RECORDS TO USE section start

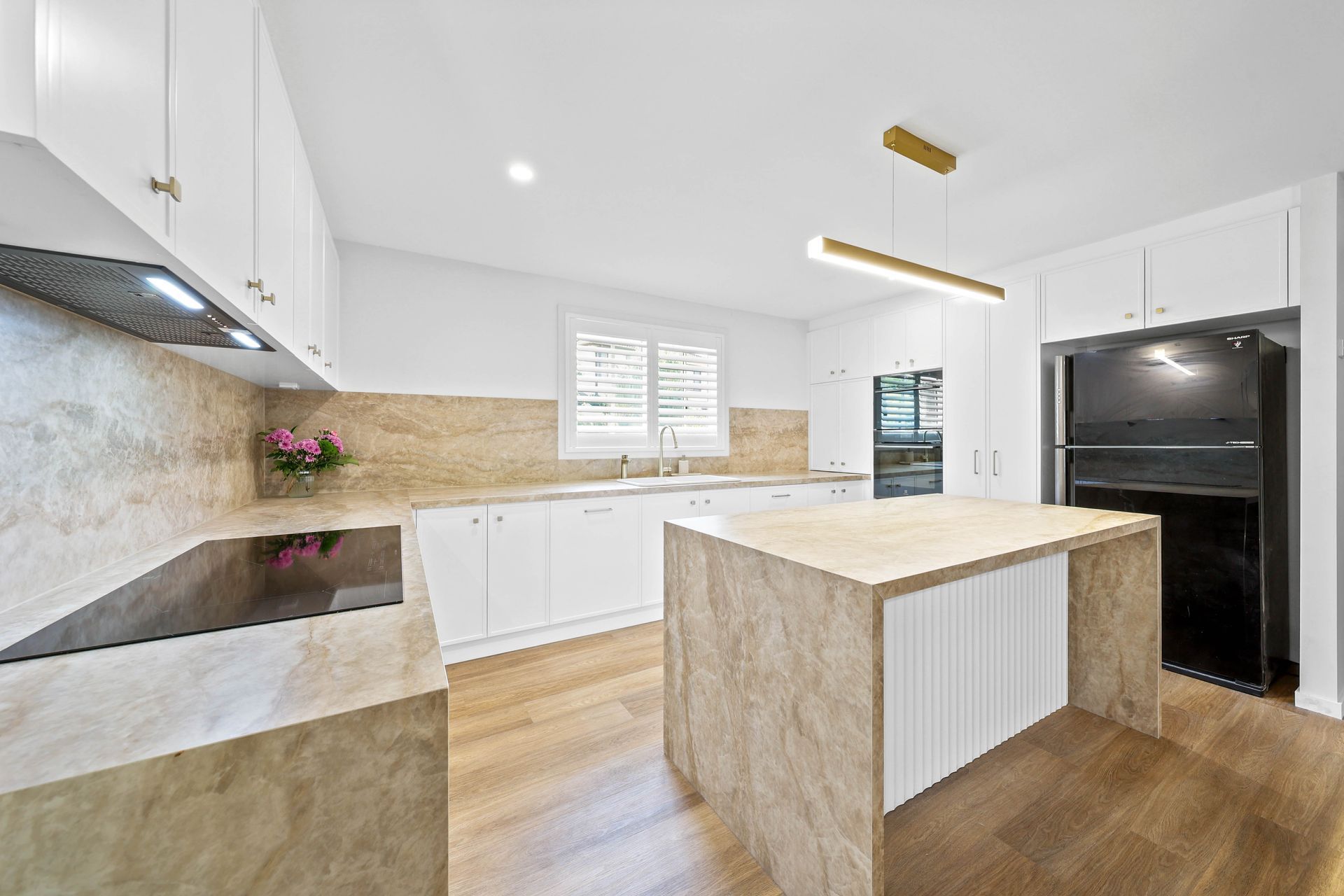Bright Modern Kitchen With White Cabinets — Above & Beyond Interiors in Smeaton Grange, NSW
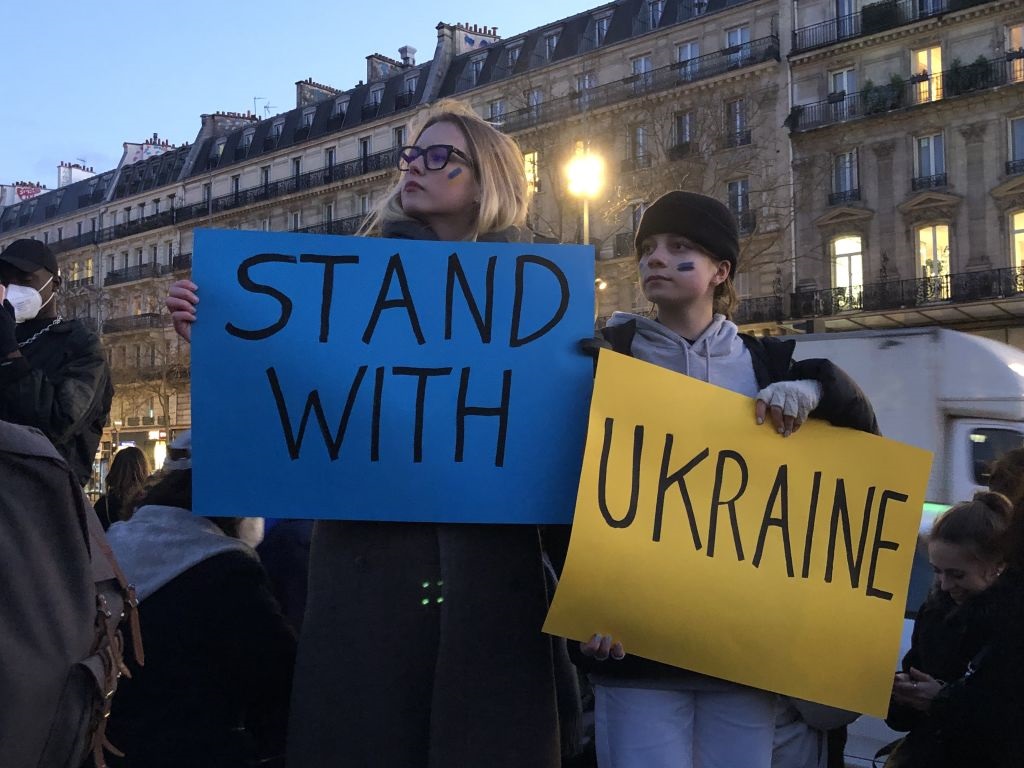 People gather during a demonstration in support of Ukraine, following Russia's military intervention, on February 24, 2022, in Paris, France. 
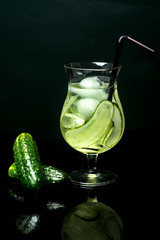 Glass of fresh cucumber juice on black background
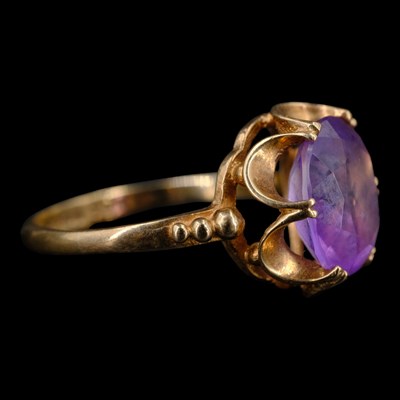 Lot 1336 - A 1970s amethyst solitaire ring, comprising a...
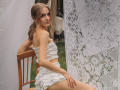 EvaDaly with small tits and a frilly white top and shorts, sitting on a wooden chair, looking over her shoulder, lace curtain to the right, outdoor setting.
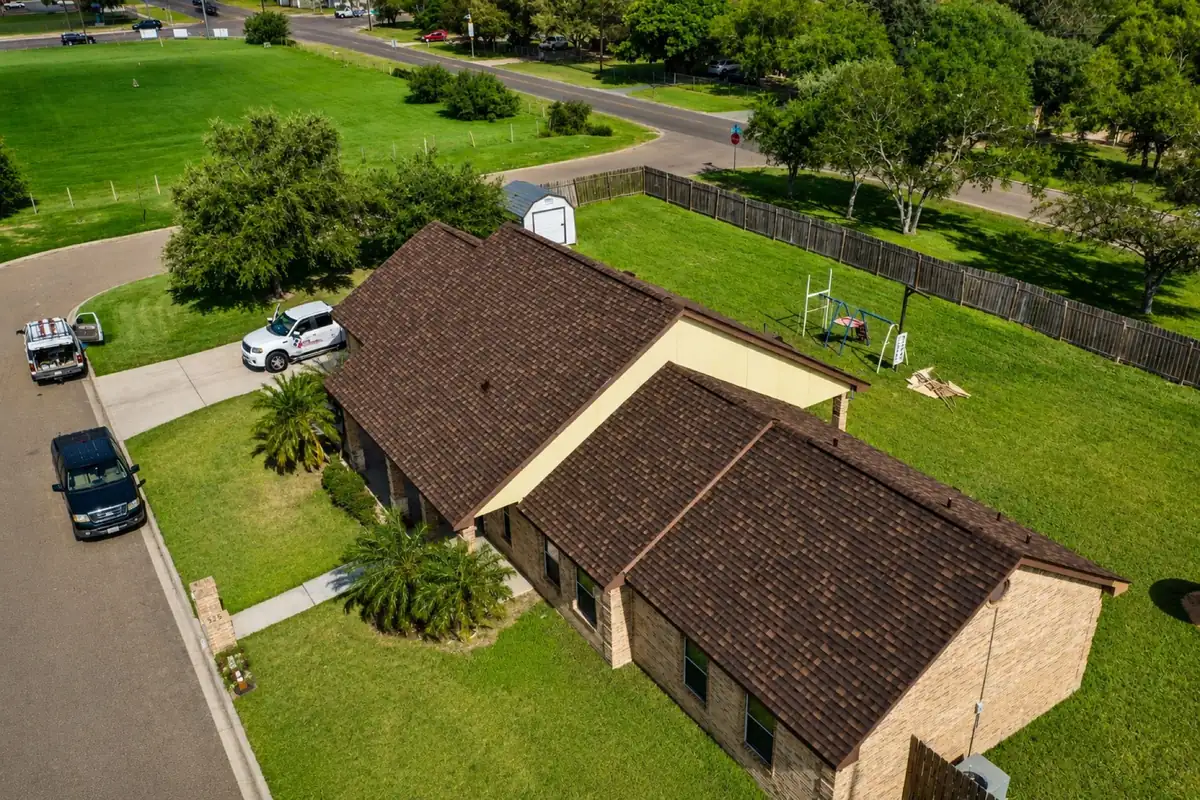 Vista de dron de un techo terminado de tejas de asfalto arquitectónicas color café en una casa de ladrillo del Valle del Río Grande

RECORDS TO USE section end

→ YOUR TASK
All of the entries above must be reproduced exactly, and no image may be included.

→ TASK SOLUTION
Bright Modern Kitchen With White Cabinets — Above & Beyond Interiors in Smeaton Grange, NSW
 People gather during a demonstration in support of Ukraine, following Russia's military intervention, on February 24, 2022, in Paris, France. 
 Glass of fresh cucumber juice on black background
 Lot 1336 - A 1970s amethyst solitaire ring, comprising a...
 EvaDaly with small tits and a frilly white top and shorts, sitting on a wooden chair, looking over her shoulder, lace curtain to the right, outdoor setting.
 Vista de dron de un techo terminado de tejas de asfalto arquitectónicas color café en una casa de ladrillo del Valle del Río Grande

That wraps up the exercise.